EvalSmith
Overview
Turn prompt iteration into a grounded evaluation loop inside the repository that actually ships the feature.
Do not optimize prompts from intuition alone. First understand the workflow, then define what good looks like, then create or run evals, then diagnose the failures, and only then propose changes.
Non-Negotiables
- Ground every claim in repository evidence, runnable results, or an explicit assumption.
- Evaluate the workflow, not only the final answer. Prompts, retrieval, tools, parsers, and intermediate transforms are all valid failure surfaces.
- Prefer the simplest reliable grader. Use code-based checks first, then calibrated LLM grading, then human review when nuance demands it.
- Keep artifacts human-auditable and easy to edit by hand.
- Do forensic attribution before optimization.

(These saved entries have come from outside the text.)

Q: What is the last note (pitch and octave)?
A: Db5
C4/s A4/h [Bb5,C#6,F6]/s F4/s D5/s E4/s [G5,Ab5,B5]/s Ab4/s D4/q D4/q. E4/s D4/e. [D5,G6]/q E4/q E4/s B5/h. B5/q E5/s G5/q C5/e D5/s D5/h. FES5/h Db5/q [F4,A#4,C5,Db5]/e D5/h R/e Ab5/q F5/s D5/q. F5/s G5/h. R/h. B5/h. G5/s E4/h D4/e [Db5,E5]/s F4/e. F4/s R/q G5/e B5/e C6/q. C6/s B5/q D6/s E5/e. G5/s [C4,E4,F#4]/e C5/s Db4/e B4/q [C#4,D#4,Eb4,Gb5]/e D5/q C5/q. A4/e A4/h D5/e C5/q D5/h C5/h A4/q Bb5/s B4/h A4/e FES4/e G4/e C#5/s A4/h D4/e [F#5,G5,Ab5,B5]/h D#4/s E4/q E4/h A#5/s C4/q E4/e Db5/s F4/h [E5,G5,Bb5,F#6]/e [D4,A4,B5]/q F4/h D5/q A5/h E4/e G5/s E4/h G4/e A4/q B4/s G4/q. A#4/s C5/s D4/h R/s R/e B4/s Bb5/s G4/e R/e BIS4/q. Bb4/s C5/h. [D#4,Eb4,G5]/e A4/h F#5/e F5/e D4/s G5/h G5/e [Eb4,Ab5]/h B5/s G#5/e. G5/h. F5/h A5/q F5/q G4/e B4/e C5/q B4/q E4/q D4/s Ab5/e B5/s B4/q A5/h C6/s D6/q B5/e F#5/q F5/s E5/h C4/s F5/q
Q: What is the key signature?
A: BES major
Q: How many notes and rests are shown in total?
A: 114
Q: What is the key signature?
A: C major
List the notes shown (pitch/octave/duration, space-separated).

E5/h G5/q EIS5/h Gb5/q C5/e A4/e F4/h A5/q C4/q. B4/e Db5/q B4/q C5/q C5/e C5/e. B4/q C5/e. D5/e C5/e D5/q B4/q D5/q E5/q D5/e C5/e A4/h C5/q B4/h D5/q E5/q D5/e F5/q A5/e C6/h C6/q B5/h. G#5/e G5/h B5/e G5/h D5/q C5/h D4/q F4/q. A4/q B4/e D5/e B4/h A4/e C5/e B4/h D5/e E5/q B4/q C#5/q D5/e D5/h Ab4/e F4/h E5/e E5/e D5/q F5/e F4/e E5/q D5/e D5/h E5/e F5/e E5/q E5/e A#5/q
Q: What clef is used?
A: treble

Do not jump from aggregate benchmark scores to prompt edits.
- Recommend the smallest high-confidence change set before suggesting broad rewrites.
- Reuse existing fixtures, tests, schemas, and logs before inventing synthetic infrastructure.
Forensic Standard
An EvalSmith run is not complete when it has only produced a benchmark score. It is only complete when it can explain, with evidence, which parts of the current system are producing which behaviors.
Minimum forensic protocol:
- Capture exact traces for each evaluated case.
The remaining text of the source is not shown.